I soooo love this guys. I am a walking mirror of Jonvon in certain respects. After 6 years of journeying to Catholicism and 3 years of active practice as a Catholic I too can say I really don't know who I am right now. But I would like to caution a few people who I already know are or will be assuming that I was looking to Catholicism for some sort of identity that they are wrong. I became a Catholic, not because I needed 'ritual' or 'complexity' or 'form' or 'personal identity'. I became a Catholic because at some point I came to a conviction that, amidst all her clunkiness, the Church was true. I had several very good reasons for this which I can still discuss, but the purpose of this post is not apologetic. I am here to say that I, like John, do not KNOW much of anything right now when it comes to religion. To me, this uncertainty does no harm to my participation in the sacraments as they are all predicated on faith anyway, and not certainty. They are all an appeal to a MYSTERIUM TREMENDUM AD FASCINANS, which we have been told is alot like the wind. We can see where it has been, but we can not truly SEE it, only it's effects. That the Catholics get tied up in definitions and legal muck is true. That all Catholics suffer from this is a minomer.
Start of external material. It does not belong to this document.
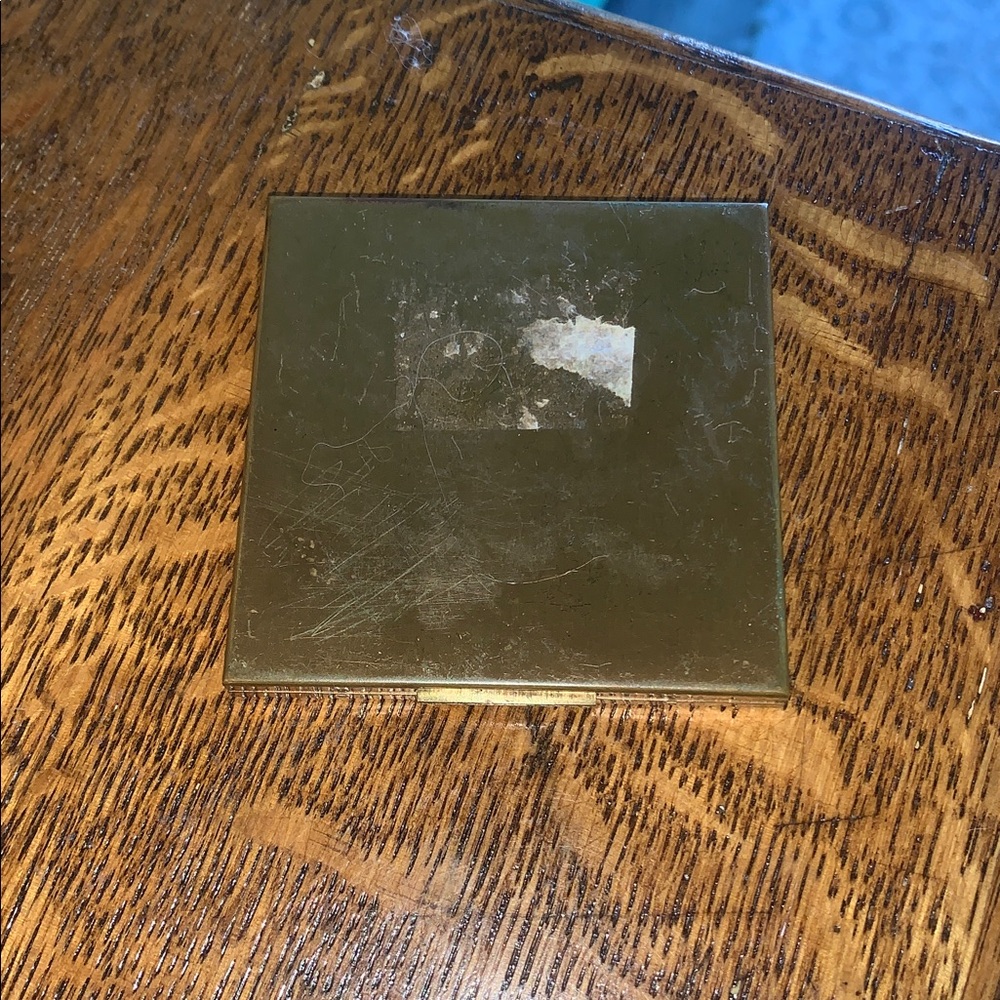 Vintage 1950’s Elgin American Powder Compact- Rose Pattern - Picture 6 of 9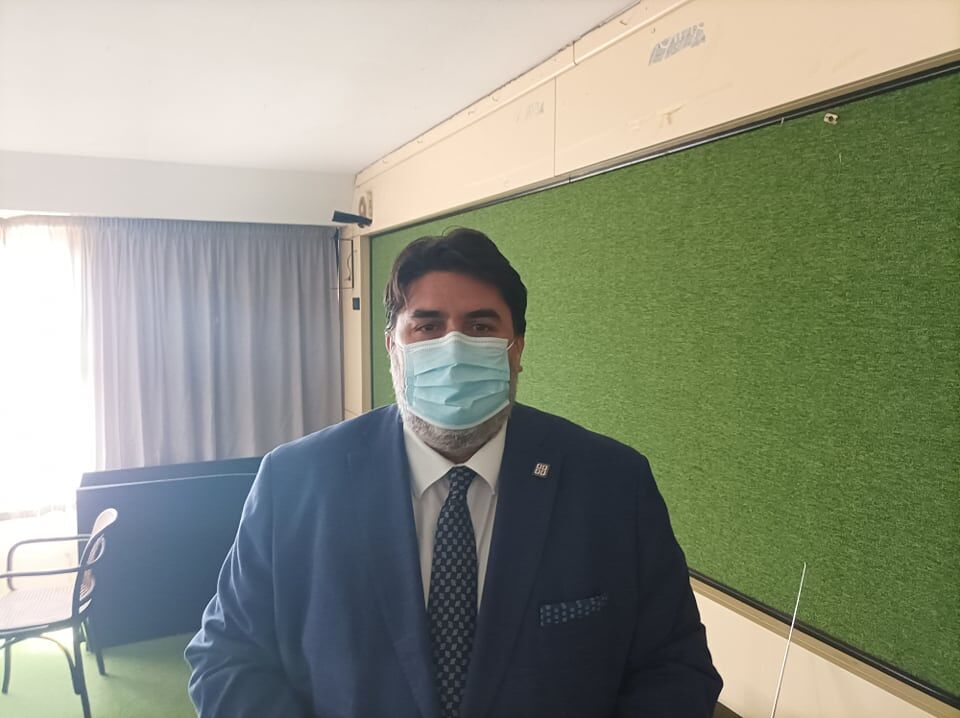 Solinas conferma i tamponi agli arrivi in Sardegna: “Nessun controllo alle partenze, mettiamo una pezza”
That some people see the Pope as a demigod and do not think for themselves does not discount all the Catholics whose choices and beliefs are formed by will, thought and conscience. By the way, the Pope lives his life very humbly before the people. I have friends that know him personally. That the Church defines a few things, like the Trinity or Salvation through Christ for instance, does not indicate that they are trying to be demigods and THINK for everyone. They are basically doing their best to receive what God has revealed and transmit it. This is called being able to a give a reason for what you believe. The Church does this. She is supposed to. Anyway, I wanted to say that even though I still believe Catholic faith, I do not do it easily or without MUCH doubting. Infact the more I grow in truth the more I doubt and question the same things over and over. There is a sense of security knowing that if God exists he is in control, but it's not this brass kind of certainty.....it is more of an experiencial thing.
Anyway, applauds to John and Jonvon for going down this real interesting crooked path.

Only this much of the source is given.